Figure 1. Serum miRNA profiling and validation.

(A) Measurement of circulating miRNAs in sera pooled from patients with advanced prostate cancer as compared to healthy donors (comprising a Discovery Set) by TLDA profiling. Blue- and brown-filled circles represent serum miRNAs increased or decreased (with unadjusted p-value <0.05), respectively, in mCRPC patients compared to healthy controls. Inset: Nine miRNAs demonstrated >5-fold change (unadjusted P<0.05, Student’s t-test). FC, fold-change. (B) Confirmation of mCRPC-associated serum miRNAs in individual samples from the Discovery Set from the University of Washington samples. Upper: miRNA biomarker candidates were measured in individual samples by TaqMan miRNA qRT-PCR (P value assigned by Wilcoxon signed-rank test), where miRNA abundance is given in terms of miRNA copies/µl serum. Red bars, mean +/− SEM of miRNA copies/µl serum for each group.

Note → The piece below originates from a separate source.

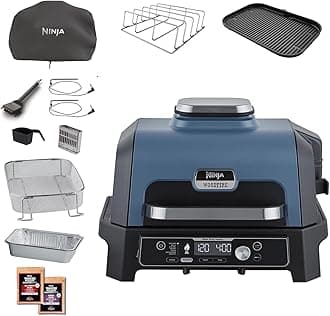 Ninja Woodfire Pro Connect XL Electric BBQ Grill & Smoker with App Control, 2 Digital Probes, Rib Rack, Cover, Liners & Cleaning Brush, Large 7-in-1 Outdoor Grill & Air Fryer, Blue & Black OG901UKAMZ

Lower: Receiver operating characteristic (ROC) curves plot sensitivity vs. (1 - specificity) to assess the ability of each miRNA biomarker to distinguish cases from controls. (C) Validation of mCRPC-associated serum miRNAs in an independent Validation Set. Upper: Serum concentration (copies/µl) of miR-141, miR-375, miR-200c, miR-200a and miR-210 was measured by TaqMan miRNA qRT-PCR. Dot-plot associated P values were assigned by Wilcoxon signed-rank test. Dot plots and ROC curves were generated as described for Fig. 1. Lower: Red, results from the validation sample set obtained from the University of Michigan. Black, results from the primary sample set obtained from the University of Washington reproduced from Fig. 1 B , lower. AUC, area under the curve; mCRPC, prostate cancer patient sera; FC, fold-change; CTL, control sera (from age-matched male individuals with normal PSA and negative digital rectal exam).